Merkezi eline geçiren Ömer Çetin ve Zeruh Vakıfahmetoğlu; şiddeti Türk egemenlik sistemine karşı değil, kendi bünyelerinde oluşacak muhalefete ve dışındaki devrimci-yurtsever örgütlere karşı yönelterek, durumu kutarmayı siyaset edindi. Oysa ki; hiç kimsenin siyasi fikir ayrılığından dolayı farklı görüşte olan bir başkasına karşı şiddeti haklı ve meşru göstermeye hakkı yoktur. Fakat kendilerine “devrimci-demokrat” diyenler, hiçte isimlerine uygun bir teori-pratik sergilemediler. Bu teori-pratiğe karşı, içte de yoğun bir karşı çıkış başgösterdi. Mahmut Çıkman’ın önderliğinde bir muhalefet gelişti ve Merkezi ellerinde bulunduranlar, şiddete başvurdular. Mahmut Çıkman, Mehmet Oruç ve bazı arkadaşları, DDKD/KİP'ten görüş ayrılığı nedeniyle ayrılırlar. DDKD/KİP merkezinin tavrı hiç te demokratça olmaz. Mahmut Çıkman hakkında ölüm kararı alınır. Evi tespit edilir ve takibe alınır.

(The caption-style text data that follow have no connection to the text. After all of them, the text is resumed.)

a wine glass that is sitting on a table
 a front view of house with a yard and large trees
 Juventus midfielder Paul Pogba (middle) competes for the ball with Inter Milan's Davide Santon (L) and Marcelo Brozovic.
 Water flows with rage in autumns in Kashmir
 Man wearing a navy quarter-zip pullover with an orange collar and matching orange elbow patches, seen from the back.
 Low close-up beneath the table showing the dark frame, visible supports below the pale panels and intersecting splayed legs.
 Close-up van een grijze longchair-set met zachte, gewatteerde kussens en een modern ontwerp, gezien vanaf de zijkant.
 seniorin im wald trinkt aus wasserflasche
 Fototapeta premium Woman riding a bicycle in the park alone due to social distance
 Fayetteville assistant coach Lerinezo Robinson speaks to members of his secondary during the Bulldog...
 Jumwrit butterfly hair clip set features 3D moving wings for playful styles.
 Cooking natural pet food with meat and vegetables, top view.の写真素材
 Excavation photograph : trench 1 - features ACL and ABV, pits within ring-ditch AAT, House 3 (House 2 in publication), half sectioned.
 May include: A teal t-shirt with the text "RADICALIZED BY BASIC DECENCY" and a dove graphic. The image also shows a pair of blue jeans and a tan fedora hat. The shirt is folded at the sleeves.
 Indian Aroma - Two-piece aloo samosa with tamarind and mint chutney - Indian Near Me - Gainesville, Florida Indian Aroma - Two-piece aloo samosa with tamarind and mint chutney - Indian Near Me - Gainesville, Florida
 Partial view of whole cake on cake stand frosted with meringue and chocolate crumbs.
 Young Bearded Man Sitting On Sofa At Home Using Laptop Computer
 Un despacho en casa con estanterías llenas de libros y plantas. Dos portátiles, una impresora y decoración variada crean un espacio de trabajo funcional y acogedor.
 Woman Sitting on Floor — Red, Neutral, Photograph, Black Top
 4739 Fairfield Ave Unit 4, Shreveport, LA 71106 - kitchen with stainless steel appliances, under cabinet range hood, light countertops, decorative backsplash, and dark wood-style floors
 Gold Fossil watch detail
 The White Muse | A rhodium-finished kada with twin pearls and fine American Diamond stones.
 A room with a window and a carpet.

Mahmut Çıkman ve Mehmet Oruç birlikte yürürlerken, pusu kuran tetikçiler, bir taksiden üzerlerine ateş açar. Mahmut yaralanır, ama Mehmet, o kadar şanslı değildir. Ömer Çetin'in sekreteri olduğu KİP'in tetikçileri tarafından katledilir. Mehmet Oruç, aslen Diyarbakırlıydı. Kısa boylu, esmer, kıvırcık saçlı, güleç yüzlü ve sempatik biriydi. Davasına bağlı, kararlı bir Kürd yurtseveriydi. İstanbul DDKD’nin de üyesiydi o dönemler. DDKD-KAWA ayrışmasında, DDKD saflarında kaldı. Sonraları, DDKD/KİP merkeziyle anlaşamayınca; Mahmut Çıkman ve bir grup arkadaşıyla beraber 1979’da ayrılır. Mehmet, bu grupla birlikte hareket eder. 18 Ağustos 1979’da, Diyarbakır’ın Ofis semtinde, bir grup arkadaşıyla dolaşırken, eski 'yoldaş'larının organizeli saldırısına uğrayarak öldürüldü.
Tuhaftır! Kimlerde, ne yoksa, en çok onu dillendirirler. Kara-yüzlerine “devrimci demokratlar” maskesi geçirirler. Fakat yoldaş katili olmayı da marifet sayarlar. DDKD/KİP, oluorta kendilerini “devrimci demokratlar” olarak adlandırdılar. Oysa ki; bu demokratlığın altında toleranssızlık, tahamülsüzlük, muhalefeti sindiremezlik, daha ötesi, tartışma zeminine gelmeme ve işi silaha dökme esas yaklaşımları oldu. Sonuçları da yıkım oldu.
Aynı yaklaşım; DDKD-KAWA Hareketi ayrışmasında da yaşandı. DDKD'liler, Kawacıları buldukları yerde ve gözüne kestirdiklerine saldırmayı politika haline getirdiler. Kanlı bıçaklı bir ortam yarattılar. Diyarbakır'da, sokak sokak Kawacıların avına çıkarlardı. Yarattılan ortamda sayısız Kürd devrimcisi, karşılıklı öldürüldü. Buna yol açan; Ömer Çetin'in başında bulunduğu DDKD/ KİP'in, anti-demokrat yapısıydı. Ellerinde güç olmuş olsaydı, kimsenin şüphesi olmasın ki; devleti aratmayacaklardı. DDKD/KİP, bu siyasetiyle Kürd yurtseverlerine yönelerek epey can yakmış ve ocaklar söndürmüştür.